Redwing drones can travel autonomously for 50km while carrying up to 2kg in payload capacity. Along with the other software stacks that the company offers, it aims to set up logistics networks that can be handed over to the local population’s real stakeholders after an initiation phase.

Redwing’s partnership with WeRobotics will help them enter markets where this technology could bring transformational changes in the long term.  

“We’re happy to welcome India’s Redwing Labs to the Flying Labs Network,” WeRobotics said in a statement. “We’re thrilled that Flying Labs will now have the opportunity to team up with Redwing Labs in the coming months and years.

“We first collaborated with Redwing in 2018 on a medical cargo drone project with Papua New Guinea Flying Labs, Fiji Flying Labs, the Bill & Melinda Gates Foundation, and the Centers for Disease Control (CDC).
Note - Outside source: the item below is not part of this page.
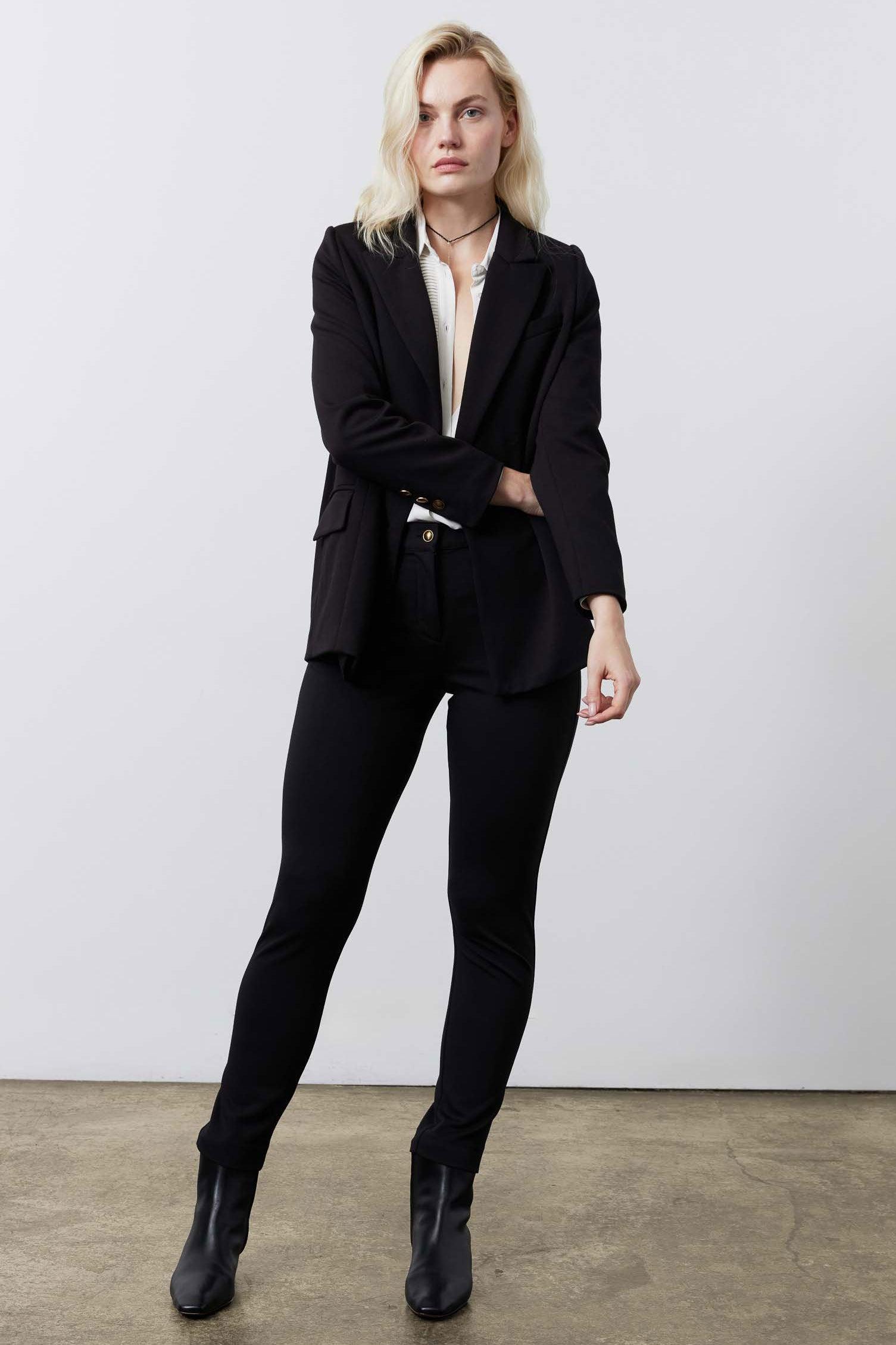 The Stretch Suit Tapered Pants Product Image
“The Redwing Team consistently went far above and beyond to make this project a resounding success, which enabled them to accelerate their efforts in India. It’s all too easy to focus exclusively on technology and technical expertise for these projects, so it’s worth noting that Redwing also differentiated themselves by the values, humility, and cultural intelligence they brought to the effort.

“This explains why we’ve been following their excellent work in India ever since.”

Within India, Redwing works with multiple stakeholders, who include the Ministries of Health and Civil Aviation; several state governments; healthcare enterprises; foundations, donors, and non-profit organisations.

Just last month, the company’s operators where in Odisha where they worked with Anamaya, the Tribal Health Collaborative an initiative of Piramal Foundation in deploying drones for faster transportation of sputum samples for screening and diagnosis in hard-to-reach areas of Kalahandi district, Odisha.

The pilot project resulted in the drones vastly reducing the time taken to cover the approximately 36-km distance to and from the diagnostic centre. By road it takes about an hour to traverse the hilly, uneven and forest-covered terrain – but the drone did it in just 20 minutes.

“WeRobotics and Flying Labs have been championing locally-led and locally-owned medical drone deliveries since 2016,” the non-profit further said. “Over the past six years, we’ve worked with multiple Ministries of Health; the World Health Organisation (WHO), Centers for Disease Control (CDC), UN, Pfizer, Johnson & Johnson, BD, Population Services International (PSI), and others to enable and expand the locally-led practice in critical cargo drone logistics.

“We have run professional, hands-on cargo training with Flying Labs and carried out locally-led medical deliveries in Peru, Dominican Republic, Nepal, Fiji, Papua New Guinea, Malaysia, Uganda, Madagascar, Benin, and the Philippines. These deliveries in 2021 and 2022 included the first-ever deliveries of COVID vaccines to very remote communities in Madagascar and the Philippines.”

In being inducted into the Flying Labs technology partner network, Redwing will be joining other respectable drone companies like DJI, AerialMetric, Avy, and Wingcopter.